Thursday, March 31, 2011

The grandfather diaries

My grandfather with his two lions, Big Boy and Little Boy



Do you do this I wonder? Have Stuff to do but instead start Tidying? 


I've been meaning to clear out the office for ages so although I didn't get said Stuff done, I did get one tidy office and one tidy bathroom. And while doing this I re-found an old journal of my grandfather's written in 1945. Its a diary of a 2 month walk he did through a couple of game reserves, over the escarpment in Northern Rhodesia when he worked for the game department. 


The papers I have are photocopies of the real thing, which has thin-thin pages, see through and slightly bruised like an old lady's skin. Seeing his handwriting flings me back in time to when I was a child, an adolescent, a young woman. His always-have-a-notebook-in-your-pocket lectures, his what-bird-call-is-that. You know how smells can immediately transport you back somewhere? It seems his handwriting does the same for me!
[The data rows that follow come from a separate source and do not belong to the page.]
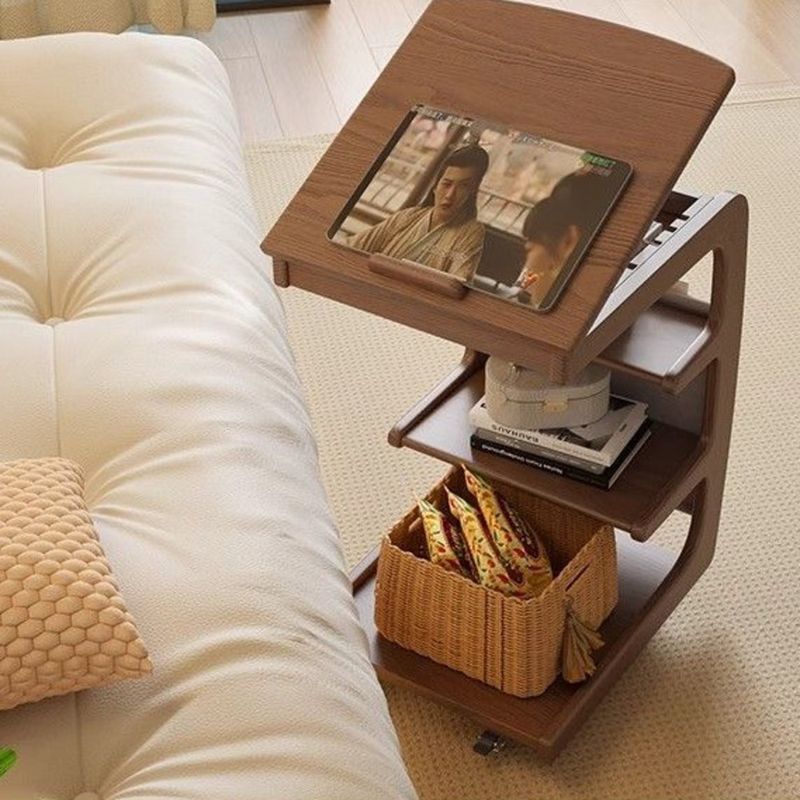 Solid Wood Bookshelf New Model Movable Room With Wheels Floor-standing Bedside Bookcase Home Balcony Coffee Table Ins_voghion.com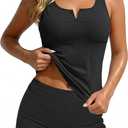 Daci Womens 2 Piece Tankini Swimsuits - Tummy Control Bathing Suit with Shorts V Wire Tankini Top Ribbed Swimwear (X-Large, Black)
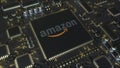Computer printed circuit board or PCB with Amazon.com, Inc. logo. Conceptual editorial 3D rendering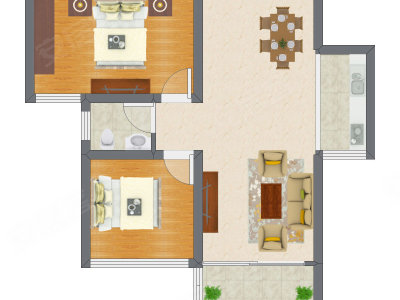 2室2厅 61.34平米户型图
The journal is full of matter of fact accounts of rhinos and porters and having to shoot elephants that have been raiding villagers' crops. Interspersed with letters to the Director of the Game and Tsetse Control Department and various District Commissioners with recommendations for the parks. 



A random excerpt: 
Wednesday 22/8/45
Continued eastward (on leaving of approx 118 degrees) along old Fort Jameson - Serenje track. This was the route used by the Angonis on the raids against the Lala and Awisa. Through typical valley mopane country and camped on Luangwa at site of Saidi's old village. Elephant, buff, rhino tracks littering the country most of the way but didn't see any myself - the carriers in the rear saw two herds of elephant. The game on the Luangwa is magnificent  - the best I have ever seen I think (including the vast herds one sees on the Kenya and Tanganyika plains. Though there are greater concentrations in these countries, they lack variety). Within half a mile I saw the following - often in sight at the same time or at least within a few minutes of each other: impala (too many to count), puku (ditto), roan (2 herds of 20 + 8), 2 herds of zebra(20 + 12), a beautiful kudu bull silhouetted on an anthill plus 8 cows and a warthog (which chased and was in turn chased by puppy!) Add to this some baboon and vervet monkeys seen perviously and the hippo which are  plentiful in Luangwa at this spot and you get a pretty good list which it would be difficult to beat anywhere.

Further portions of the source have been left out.